The same thing can be said for businesses. What makes one business a success and another a failure isn’t always apparent. Great founders fail all the time.
Warren Buffett, Chairman and CEO of Berkshire Hathaway, has a model for this: the Institutional Imperative. This concept has changed the way he invests in companies and how he chooses which leaders to bet on.
The Institutional Imperative
In his 1990 letter to shareholders, Warren Buffett defined a term he had used in the previous years’ letter:
Institutional Imperative, noun
“the tendency of executives to mindlessly imitate the behavior of their peers, no matter how foolish it may be to do so.”
- Warren Buffett, 1990 Shareholder Letter
Buffett suggested that institutions tend to fall into four traps which he calls imperatives. These imperatives are the default behaviors at most organizations who are not actively resisting them.
Buffett’s own words explain the 4 imperatives best:
“(1) As if governed by Newton's First Law of Motion, an institution will resist any change in its current direction;
(2) Just as work expands to fill available time, corporate projects or acquisitions will materialize to soak up available funds;
(3) Any business craving of the leader, however foolish, will be quickly supported by detailed rate-of-return and strategic studies prepared by his troops; and
(4) The behavior of peer companies, whether they are expanding, acquiring, setting executive compensation or whatever, will be mindlessly imitated.”
- Warren Buffett, 1989 Shareholder Letter
Jeff Bezos, CEO of Amazon, has shared a similar model in his shareholder letters. Bezos calls it management by proxy. By “proxy” he means systems put in place to better the organization and their ability to service customers. The problem arises when the systems become the primary focus. They lose their intended effect. Management by proxy results in people saying things like, “I followed the standard process” instead of taking responsibility when things don’t go according to plan.

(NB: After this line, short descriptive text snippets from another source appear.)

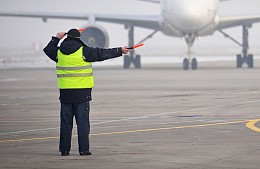 Крупный туроператор приостанавливает чартеры в Турцию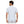 Edgewood SS Drink Print Journey Shirt - Rooster 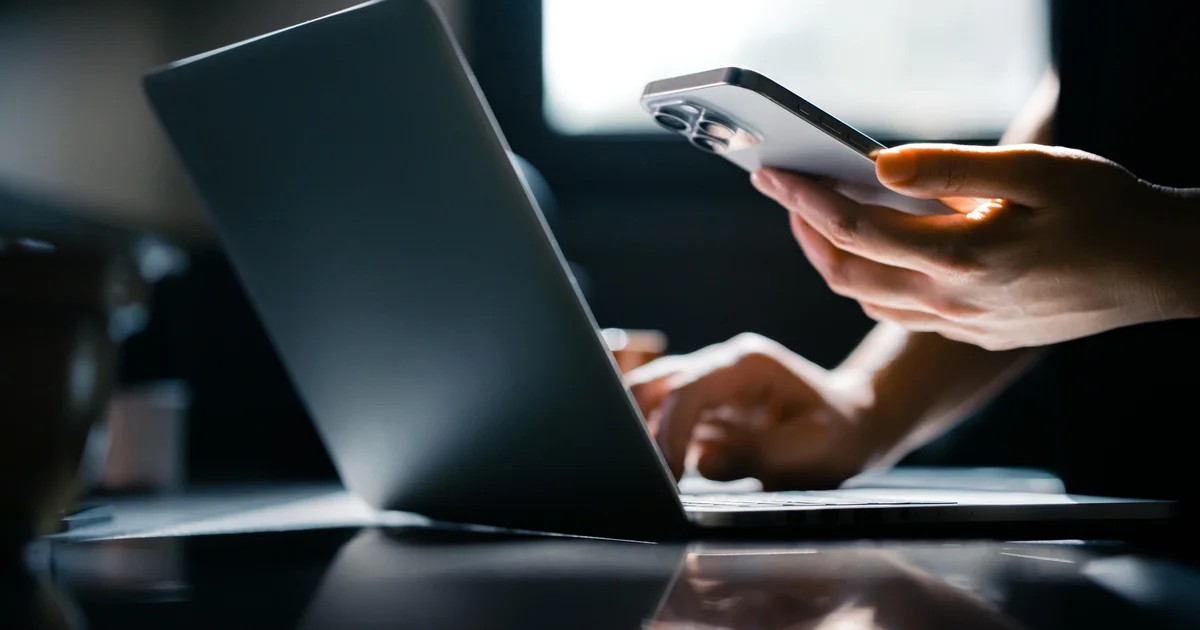 أعلن البيت الأبيض استراتيجية وطنية لمكافحة المخدرات باستخدام اختبار مياه الصرف والذكاء الاصطناعي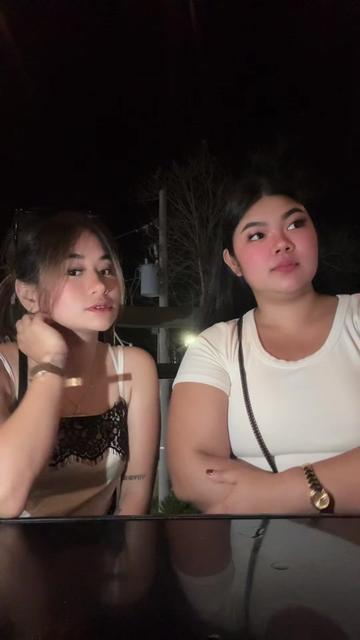@itsmekaye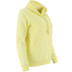 The Indian Maharadja Kota Striped Hoodie Dames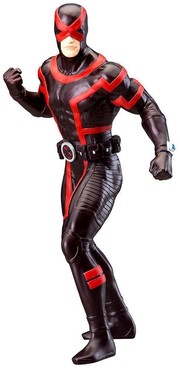 KOTOBUKIYA ARTFX+ MARVEL NOW CYCLOPS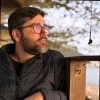 Carlos Sierra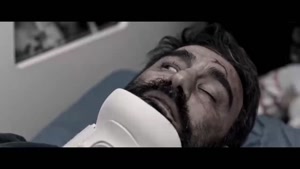 تماشای فیلم جدید ایرانی «سه کام حبس» (Puff Puff Pass)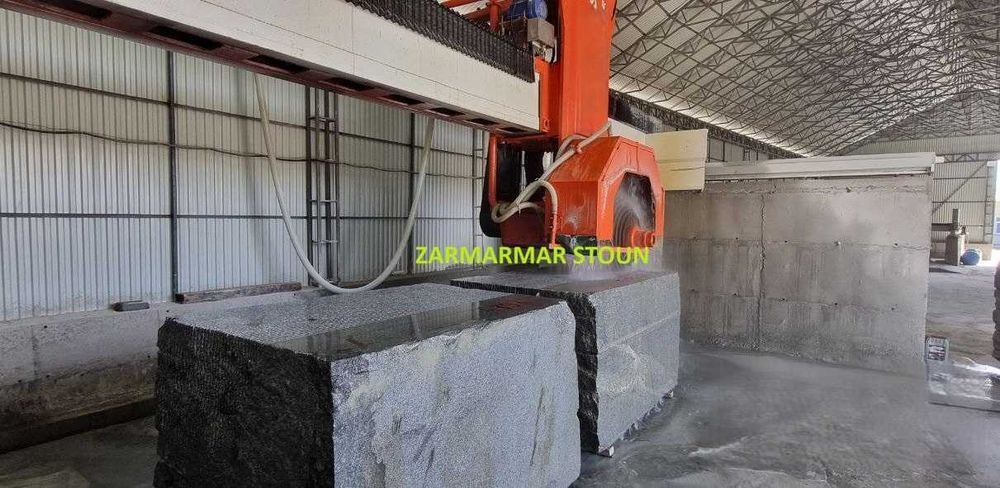 Гранит плитки (куксарой, сувлик и др.) из гранита и мрамора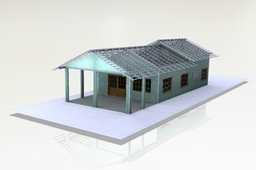 casa_gustavo_selonke
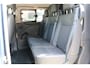 Ford Transit Custom 2.0 TDci 185pk L2 H1 Sport DC Airco Trekhaak Navigatie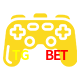 Não perca essa oportunidade se você gosta de apostar em eSports!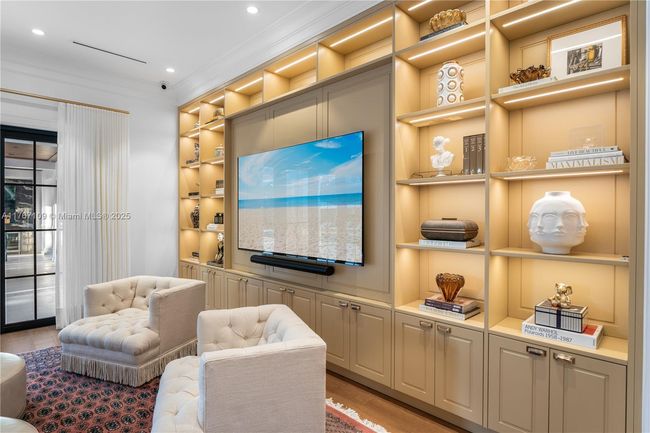 6575 Sw 96 Th St, House other with 7 bedrooms, 9 bathrooms and null parking in Pinecrest FL | Image 25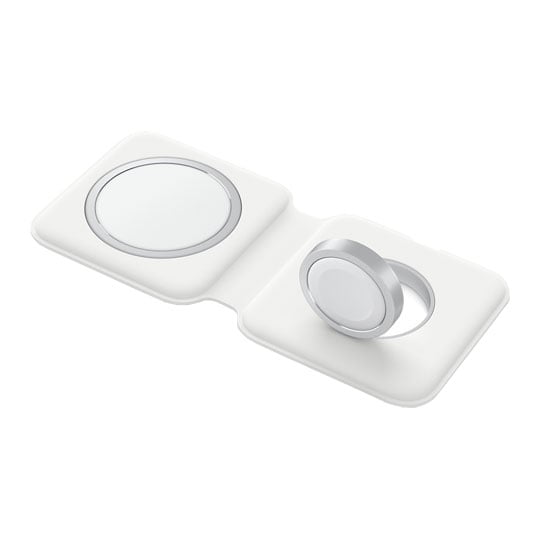 Apple MagSafe Duo Charger : image 4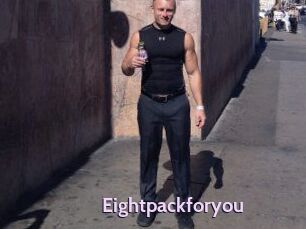 Eightpackforyou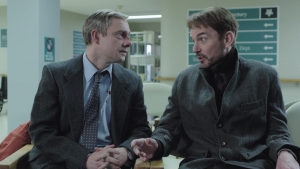 fargo1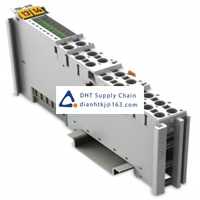 Wago  750-1416  Original New In STOCK 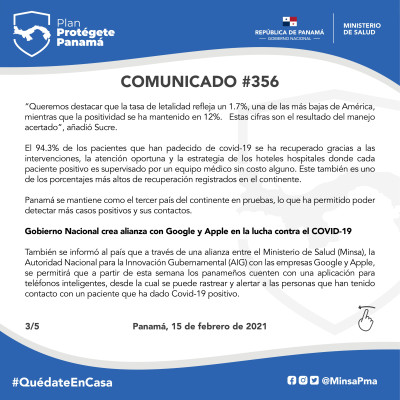 356---3-7cf398f79c55147105e2c7cbb88e700b.jpg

Having a clear understanding of the Institutional Imperative and management by proxy helps leaders in an organization see their blind spots and avoid traveling along the default path -- what all leaders would do if not proactively minimizing the effects of the imperative.
The main argument made by both Buffett and Bezos is that leaders need to understand and actively work against these patterns in their business. Because they are so easy to fall into, most managers fall into these patterns by default, and don’t even realize they are doing it.
It is also important to highlight here that intelligence and experience have nothing to do with susceptibility to the imperative. Buffett says this was the biggest surprise he had when leaving business school -- some of the smartest and most experienced business people fall prey to the Institutional Imperative and are blind to its effects. This is why it is important to organize your business to minimize the effect of the imperative.
While institutions as a whole seem to fall prey to the institutional imperative, product teams seem to fall prey to a different, yet similar, set of imperatives. Gone unnoticed and uncorrected, these imperatives will result in products that fail. Building a product while trapped in an imperative feels like chasing your own tail -- you are constantly responding to the world around you instead of actively participating.
Let’s jump in…
The Product Imperative
The Product Imperative inherits its core from the Institutional Imperative, but highlights the default tendencies of a product team rather than an organization as a whole. As with the Institutional Imperative, product managers need to build systems and structures to ensure they minimize the effects of the Product Imperative.
The Product Imperative, noun
The tendency of product managers to neglect the important and challenging parts of their job. Letting other people and processes do the important work for them.
What I have noticed is that a product manager's ability to drive true innovation and build successful, competitive products shrivels when the product imperative comes into play.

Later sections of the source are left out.